Впрочем, все эти предположения легко аннулируются той откровенной усталостью от складывающейся в России экономической модели, которую не скрывали с конца 2010 года ни президент Дмитрий Медведев, ни значительная часть крупных предпринимателей. В том числе и в первую очередь именно руководители госкомпаний: одним из главных критиков госкапитализма в России выступает на сессиях ПМЭФ глава Сбербанка Герман Греф, бывший министр экономики. Впрочем, и во втором полугодии 2010 года, и с начала 2011 года большая часть стратегических регуляторных решений правительства и президента была ориентирована на дерегулирование — в отличие от тактических, оперативных решений и Белого дома, и Кремля. В этом парадокс российского госкапитализма как такового: он исторически строился не стратегическими решениями, а оперативными компромиссами.
Именно поэтому "магнитогорские тезисы" президента Медведева, продолжения которых большинство участников ПМЭФ приехали выслушать (остальное политически было более или менее маловажным), несмотря на всю их радикальность, были восприняты как набор косметических решений. И в "Газпроме", и в госбанках, и в нефтяных компаниях, и в остальной промышленности, и в торговле прекрасно знают: и в России, и в мире постоянно что-то происходит, и это отличный повод для того, чтобы оперативными решениями быстро менять баланс в пользу именно госкапиталистической модели. Именно так продвигается уже достаточно очевидное изменение модели рынка электроэнергетики, где "Интер РАО ЕЭС" уверенно двигается в сторону возрождения частичной госмонополии в энергетике. Именно так дерегулированный топливный рынок становится объектом экспериментов по госрегулированию бензиновых цен. И даже крах в апреле 2011 года совместных усилий премьер-министра, ФАС, Минэнерго, "Роснефти", "Газпром нефти" и санкт-петербургской биржи МТСБ по построению "госкапиталистической" модели контролируемого топливного рынка не стал для Белого дома сколь-нибудь значимым сигналом: стратегически государство по-прежнему за свободу предпринимательства, тактически — за максимальное ее ограничение. В этой связи гораздо честнее ведут себя президентские юристы из совета по кодификации гражданского законодательства, которые, комментируя поправки в Гражданский кодекс, прямо говорят о "развращающем" действии свободного рынка на население России, которому надо противостоять законами — формально с этим ни Дмитрий Медведев, ни Владимир Путин не согласны, но де-факто текущие действия их команд в 2010-2011 годах в русле именно этой логики.
И тем не менее, поскольку от президента ждали именно стратегических, а не тактических объявлений, похороны госкапитализма на ПМЭФ не могли быть не объявлены: Дмитрия Медведева без этого просто никто бы не понял.
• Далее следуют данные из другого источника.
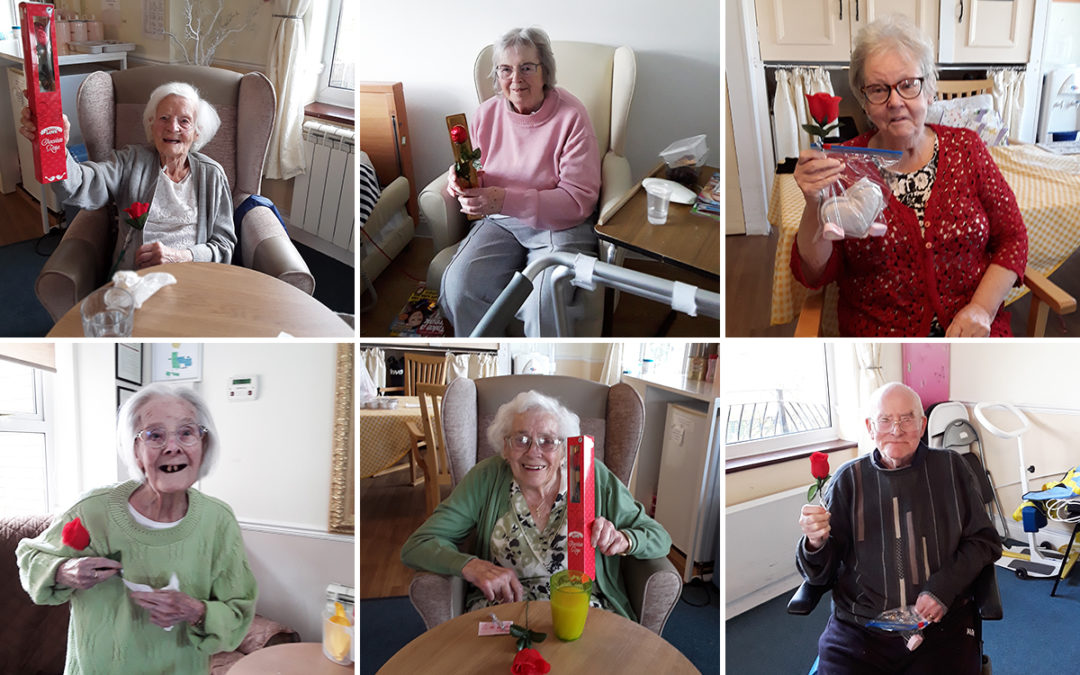 Valentine fun and more at Silverpoint Court Residential Care Home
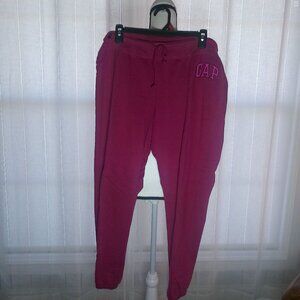 GAP Sweatpants with "Gap" Logo Dark Pink XL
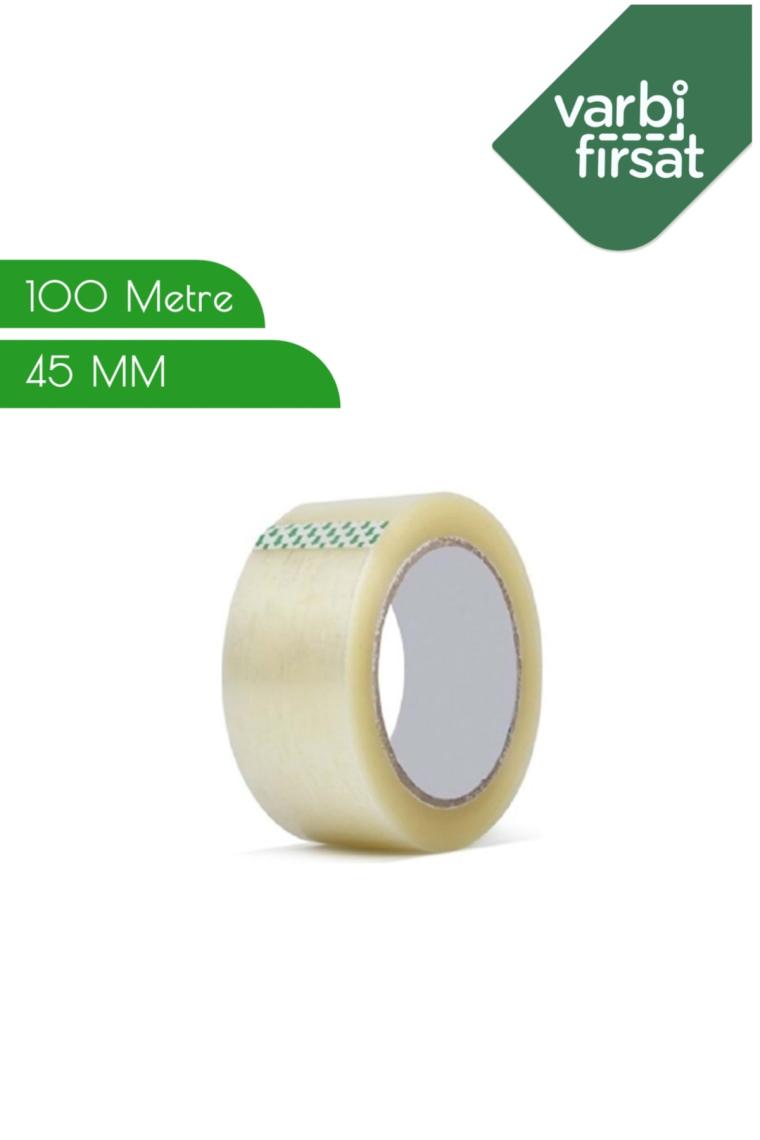 Şeffaf Koli Bandı 45 Mm X 100 Metre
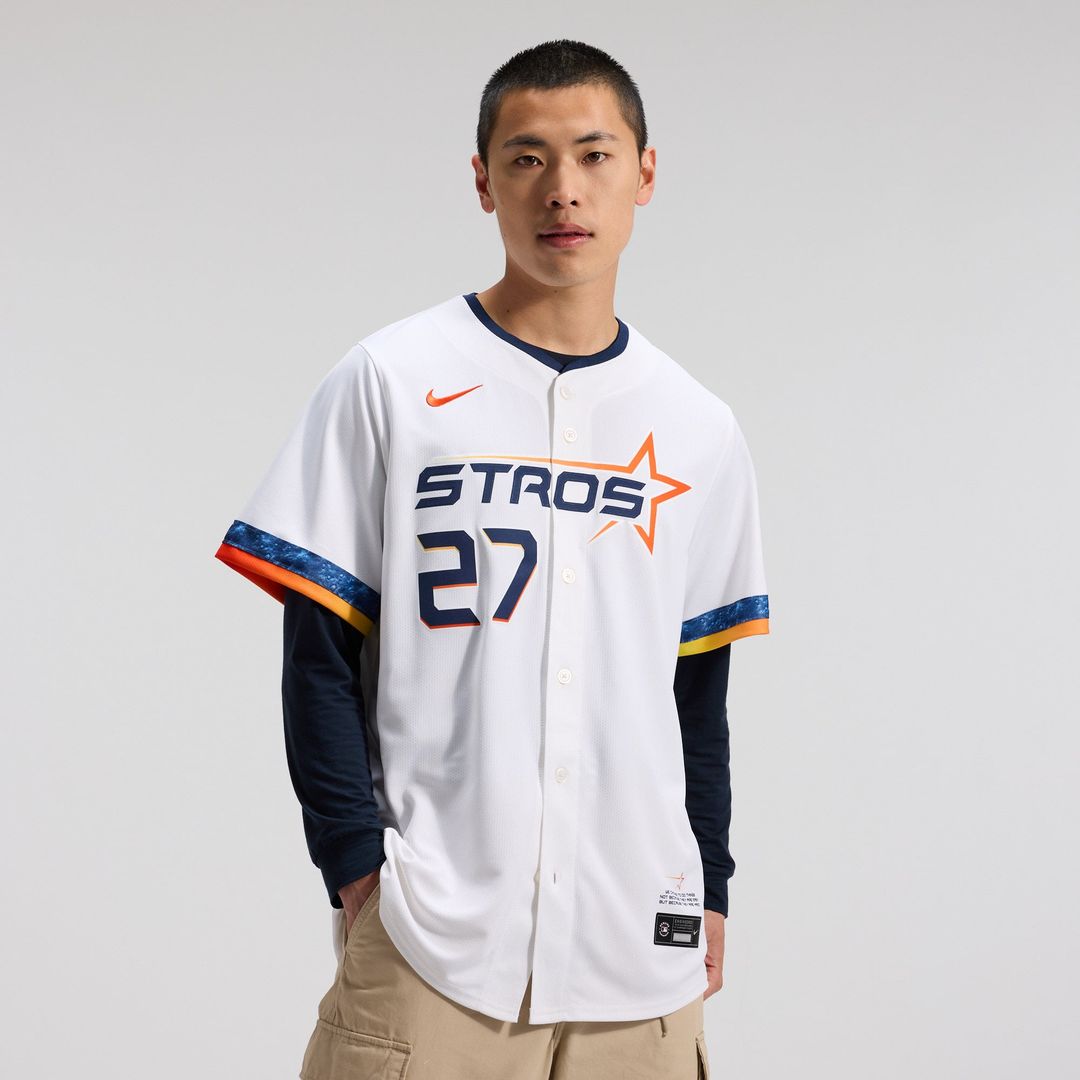 Houston Astros Jose Altuve 2025 City Connect Limited Jersey — White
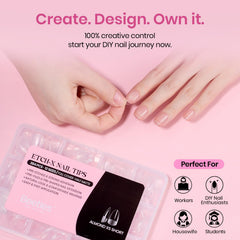 Beetles thin tip edge detail for seamless natural nail fit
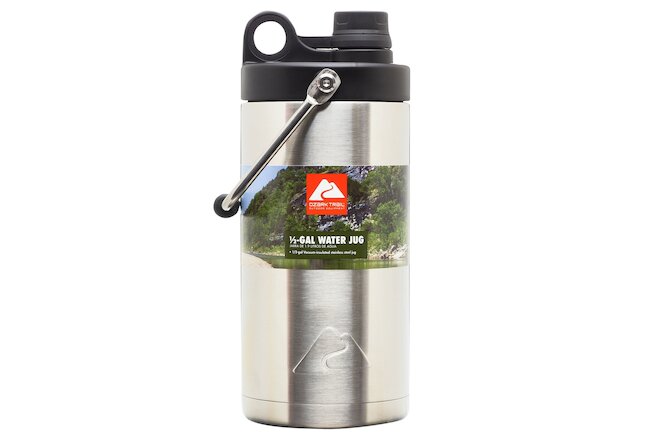 Ozark Trail 1/2 Gallon Double-wall Vacuum-sealed Stainless Steel Water Jug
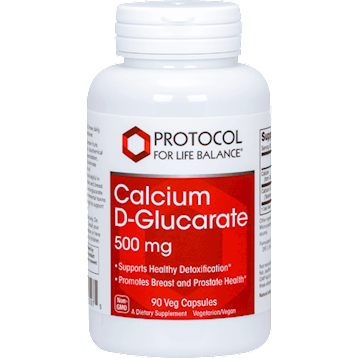 Protocol for Life Balance - Calcium D-Glucarate 500 mg 90 vegcaps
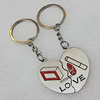 Zinc Alloy keyring Jewelry Key Chains, Pendant Size 46x43mm, Length Approx:3.6-inch, Sold by Pair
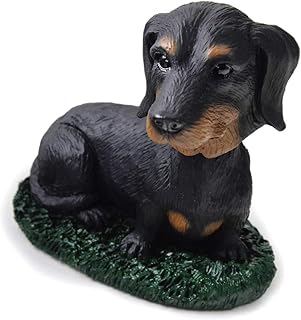 Animal Den Dachshund Black/Tan Dog Bobblehead Figure for Car Dash Desk Fun Accessory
И президент сказал именно то, чего от него ждали. "Потенциал этого пути исчерпан, эффективность — впрочем, достаточно условная — такой экономической модели очень сильно зависит от конъюнктуры и часто ведет к непродуманным, судорожным шагам, решающим лишь одну задачу: сохранить то, что существует, и почти всегда вне зависимости от эффективности подобного наследства",— провозгласил глава государства с трибуны в Санкт-Петербурге, объявив в очередной раз: госкапитализм — это не то, что собирается строить в России власть.
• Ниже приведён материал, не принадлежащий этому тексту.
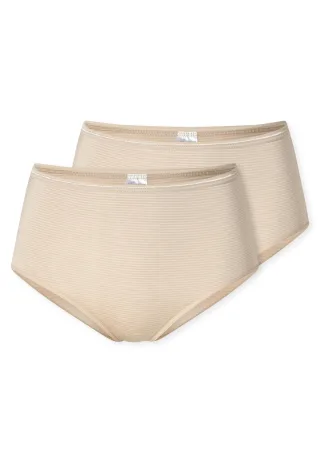 SCHIESSER - 2PACK Midi sand - Gr. - 36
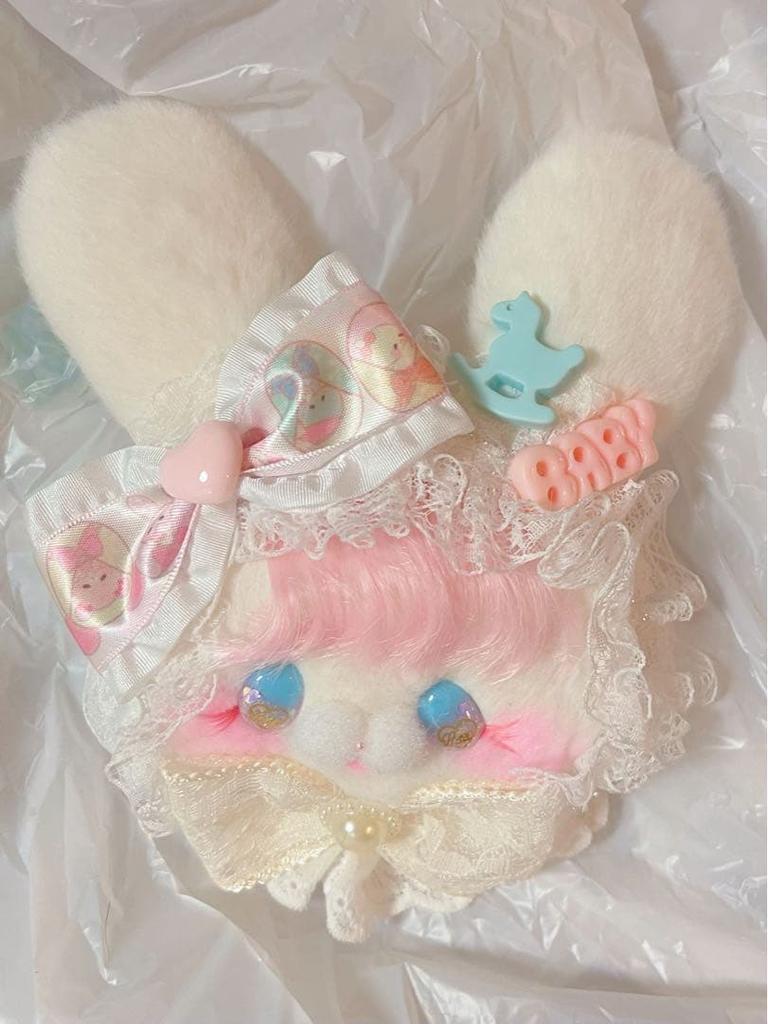 [USED] pream Sanrio Artist Teddy Bear Handmade Plush Toy Rabbit Bear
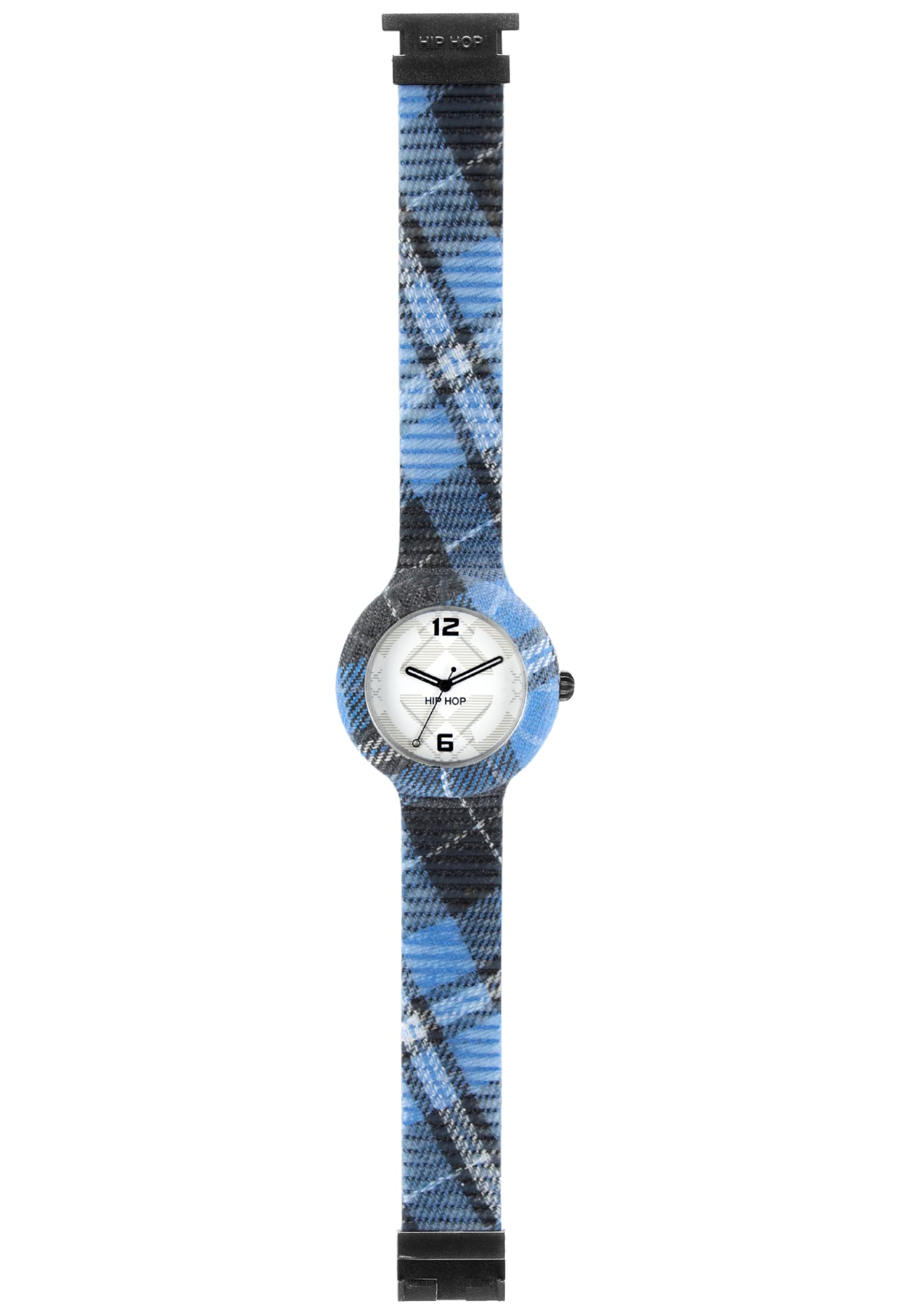 Hip Hop X Man HWU0378 orologio uomo blu tartan 42 mm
Отметим, с содержательной точки зрения Дмитрий Медведев заявил о решениях, которые иначе как к демонтажу госкапиталистической системы в экономике при их реализации привести не могут. Продолжая развивать "магнитогорские тезисы", президент объявил о единственно возможном шаге после изгнания крупных правительственных чиновников из советов директоров госАО, которое завершится к октябрю 2011 года. К августу 2011 года президент потребовал от правительства скорректировать список "большой приватизации" до 2015 года, пояснив: РФ в большинстве случаев должна избавиться от контрольных пакетов акций в госАО, оставив себе блокирующие пакеты или даже меньшие. На деле это самое важное решение, которое может быть принято в этой сфере — вернее, единственное дерегулирующее действие из возможных. С одной стороны, уход чиновников, то есть представителей публичной власти, из советов директоров "Роснефти", "Транснефти", "Газпрома", Сбербанка, ВТБ, десятков других компаний при сохранении контрольных пакетов акций и резко ухудшает прозрачность АО, и генерирует новые, теперь уже отчетливо коррупционные практики управления госАО: чиновник в совете директоров такой компании является политически ответственным назначенцем, но квазинезависимый председатель совета директоров, например, "Роснефти" в нынешней политической реальности может быть только частью "окружения" крупного госчиновника. Наличие же у госчиновника такой клиентелы не может не быть проявлением коррупции, как бы благовидно оно ни оформлялось.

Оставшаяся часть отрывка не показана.